Sixth Sunday of the Year

Lev 13:1-2 & 44-46; 1 Cor 10:3 –11:1; Mk 1:40-45 (Year B)

“It is not good that the man should be alone. I will make him a helpmate.” The words spoken by the Creator underline what is at the heart of our humanity. However self-sufficient we consider ourselves to be, we cannot achieve the fullness of our humanity in isolation. This is only achievable when we are at peace with God, with each other and the whole of his creation.

Sin is rooted in the rebellion of the will against God, and its consequences disrupt the harmony that safeguards our humanity. The destruction of our relationship with God ultimately destroys every other relationship. The breakdown of family life and the selfish exploitation of peoples and the earth’s resources soon follow with disastrous consequences. Many would argue, with justification, that this is the situation facing our world today.

The Book of Leviticus sets down the Mosaic legislation regulating the quarantine of those afflicted with leprosy in an ancient society. Harsh though it seems, the total isolation of the sufferer was the only means of stemming the spread of this dread disease.

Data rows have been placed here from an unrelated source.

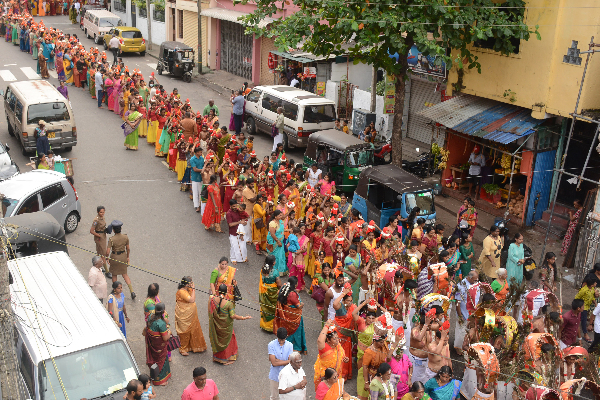 ஜிந்துப்பிட்டி ஸ்ரீ சிவசுப்பிரமணிய சுவாமி ஆடி முருகவேல் விழா; வீதியுலா வந்த பாற்குட, காவடி பவனி | Jindupitti Sri Sivasubramania Swami Aadi Murugavel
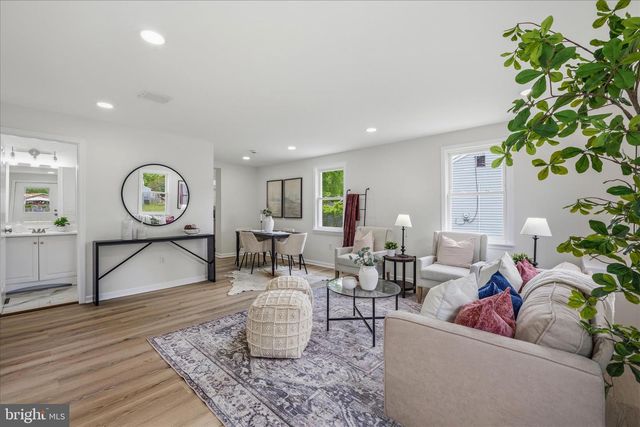 945 RENFREW, Baltimore, MD 21221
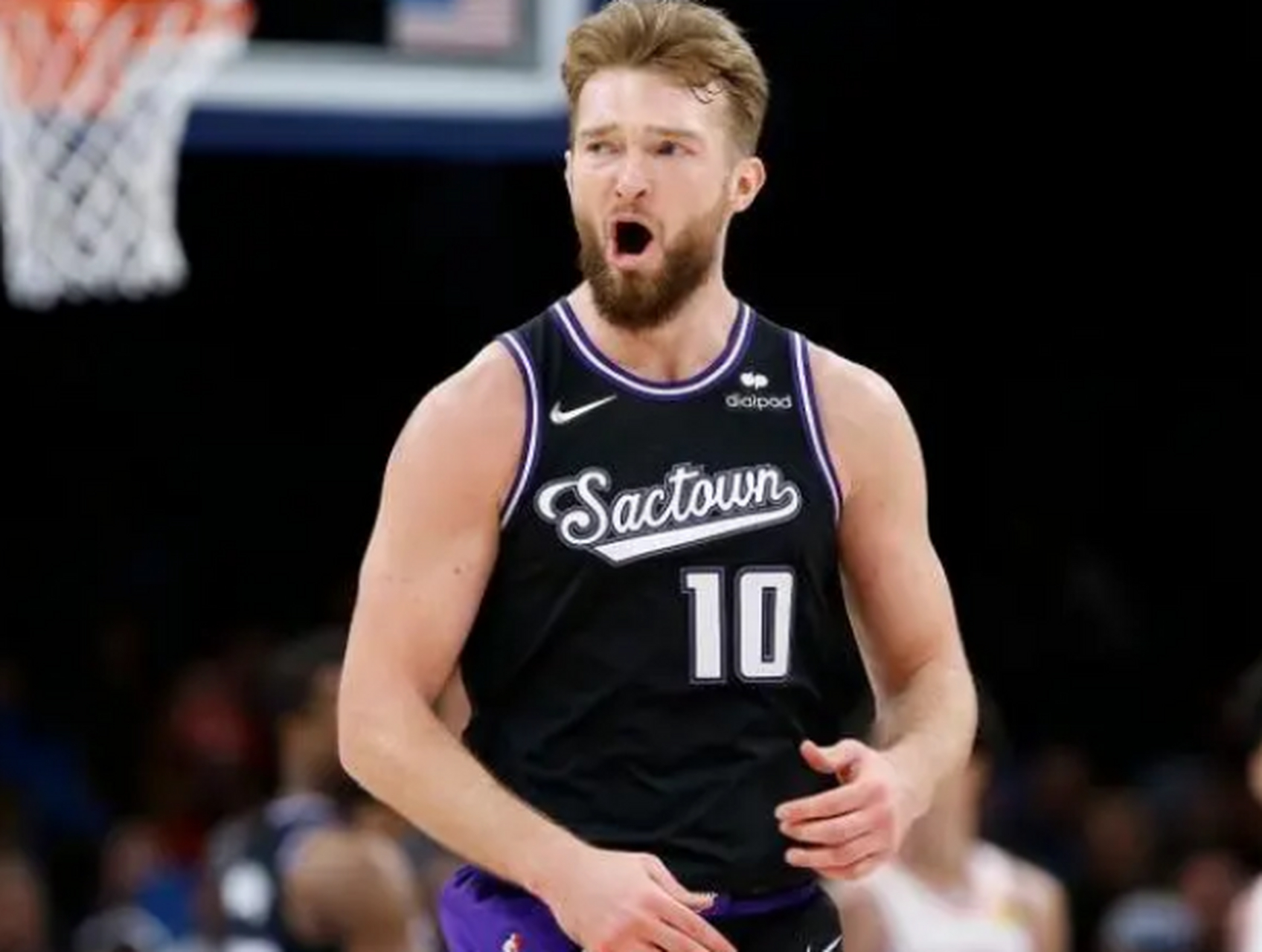 此前,小萨博尼斯因德雷蒙德-格林的恶意动作遭遇胸骨挫伤,状态为出战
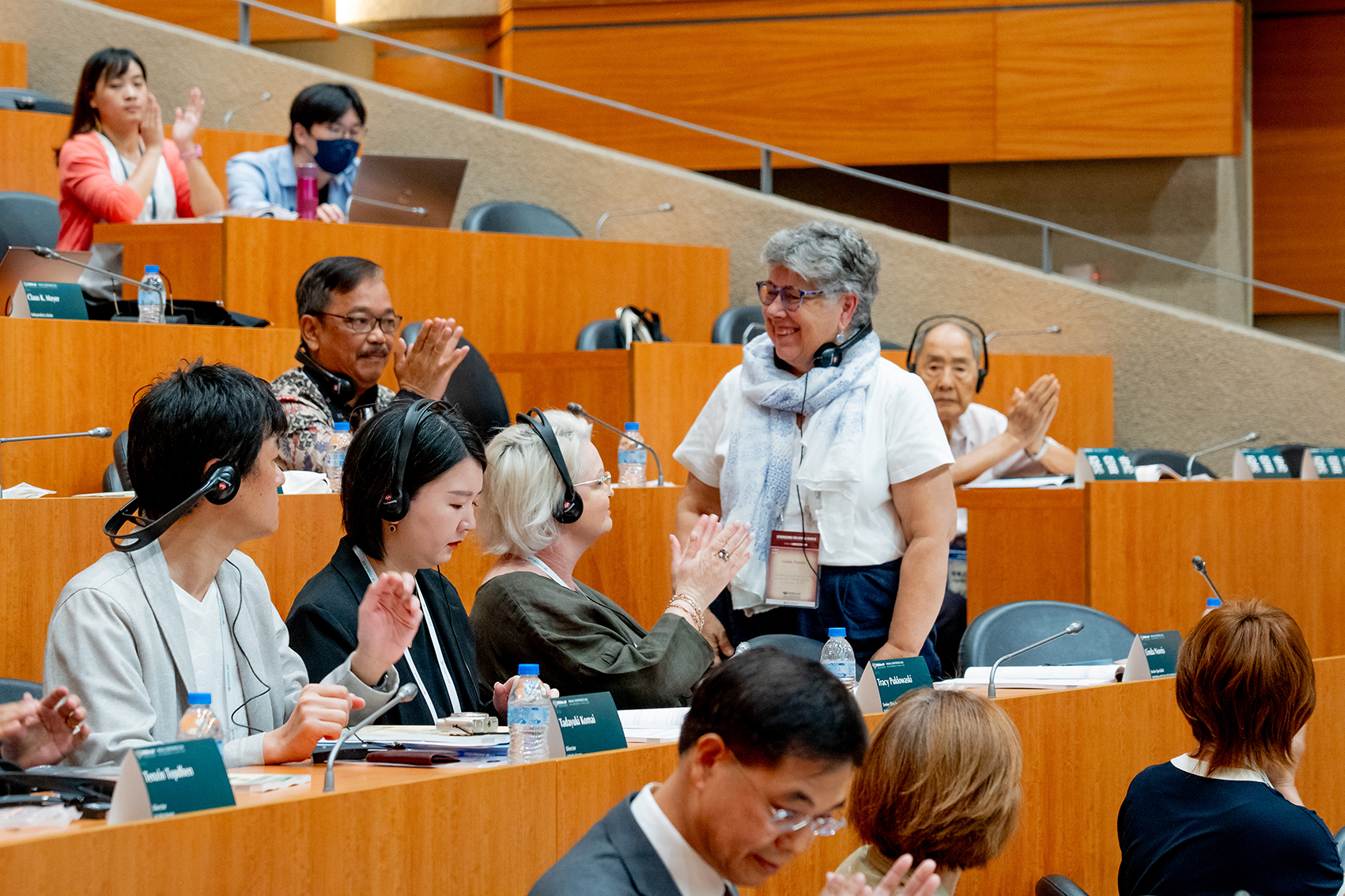 Si Linda Norris, Senior Specialist ng Pamamaraan at Kasanayan sa International Coalition of Sites of Conscience (ICSC), kasama ang mga tagapagsanay sa karapatang pantao. (Litrato mula sa FIHRM-AP)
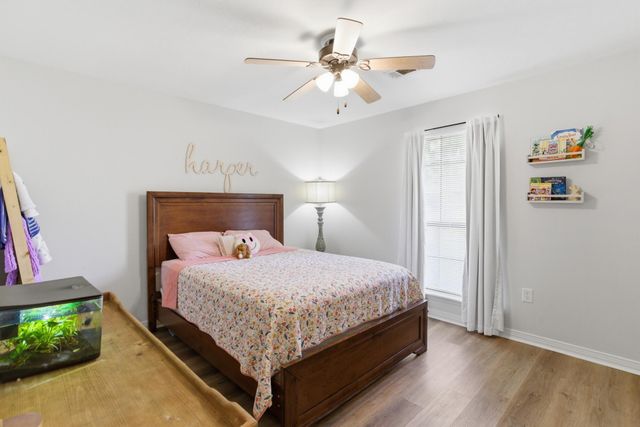 403 Kensington Dr., Hattiesburg, MS 39402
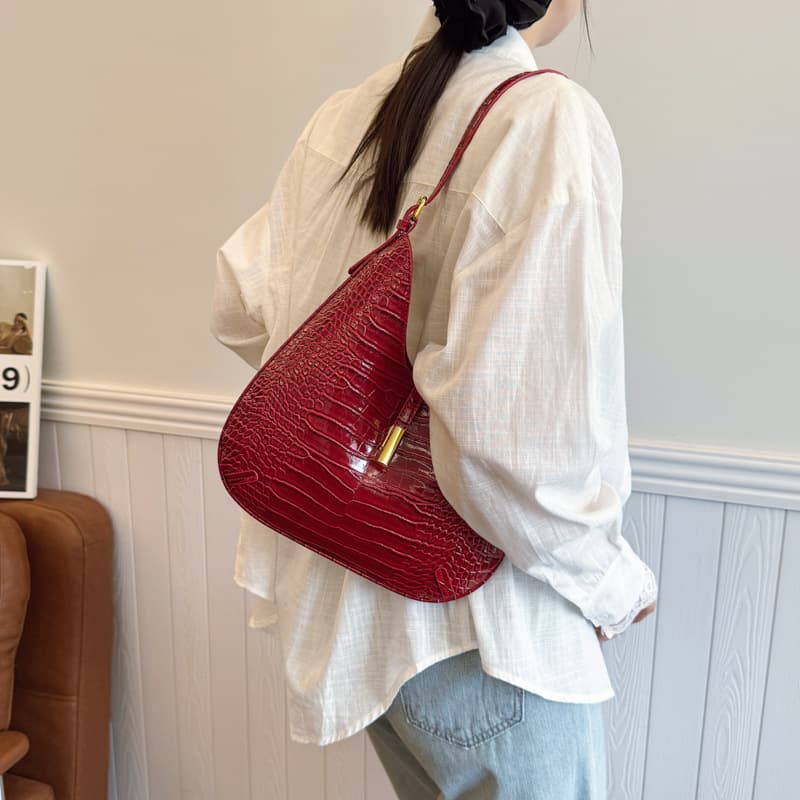 Cross-Border Niche Textured Underarm Bag Women's Bag 2025 New Simple Commuter Shoulder Bag Crocodile Print Handbag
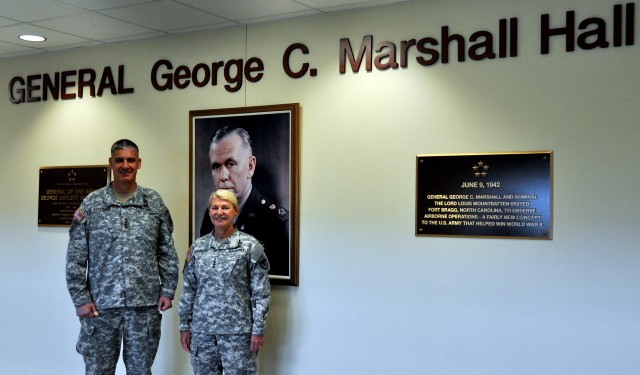 CG, Army Materiel Command, visits FORSCOM Headquarters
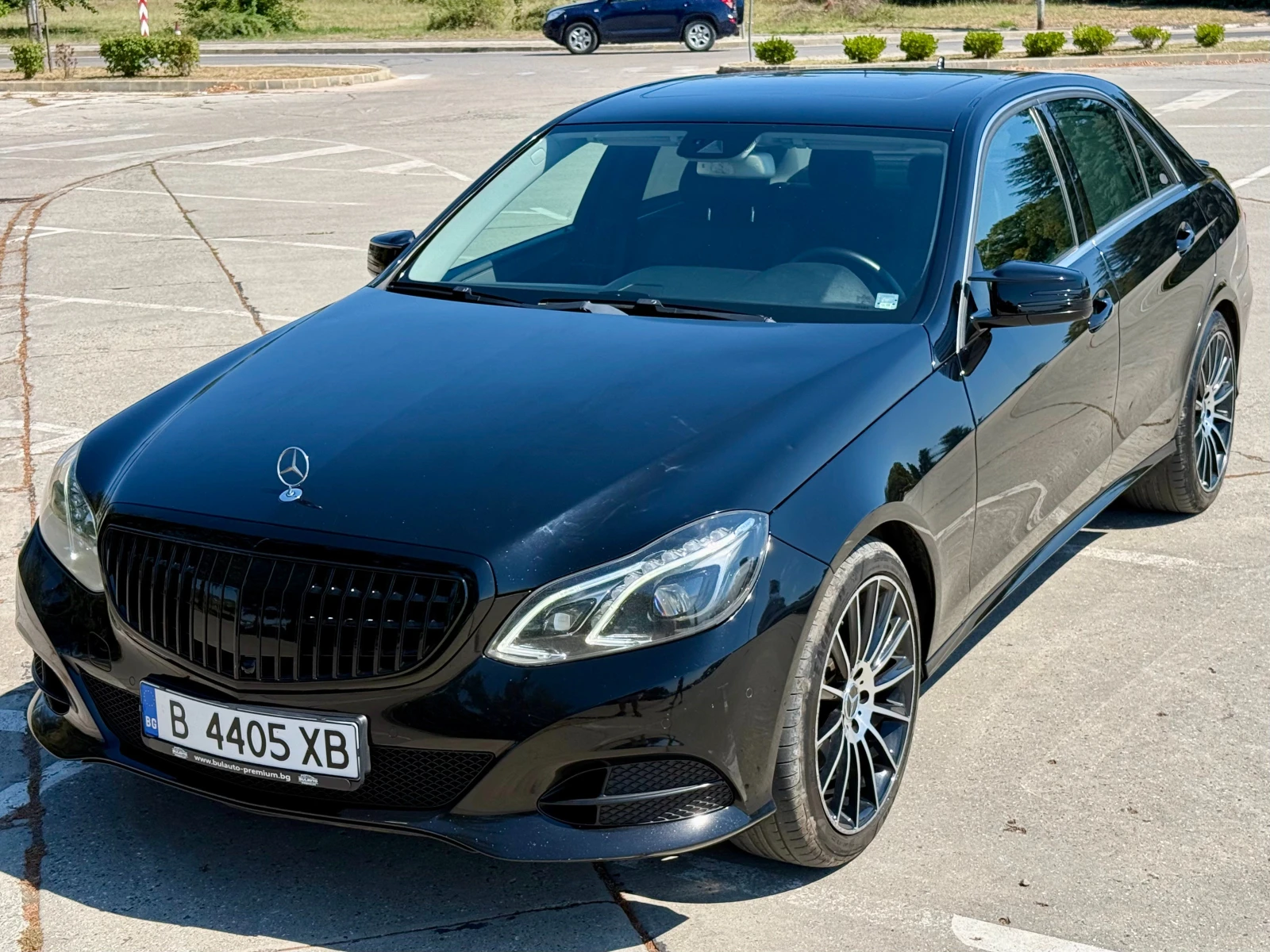 Mercedes-Benz E 300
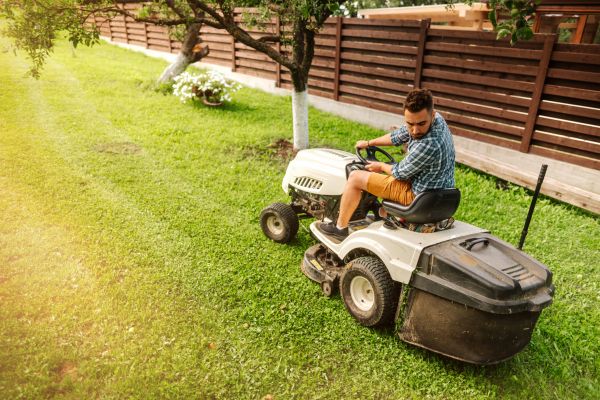 Industrial Lawn Mowing in Pickerington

Throughout the Scriptures leprosy becomes something more than a medical condition; it becomes an image of sinful humanity, isolated as a consequence of sin, yet longing for the healing that will restore lost relationships. As we approach Lent, we should consider the ways in which sin undermines our relationships with God and each other. There is a sense in which sin renders us all what Leviticus describes as “unclean”, and condemns us to increasing isolation.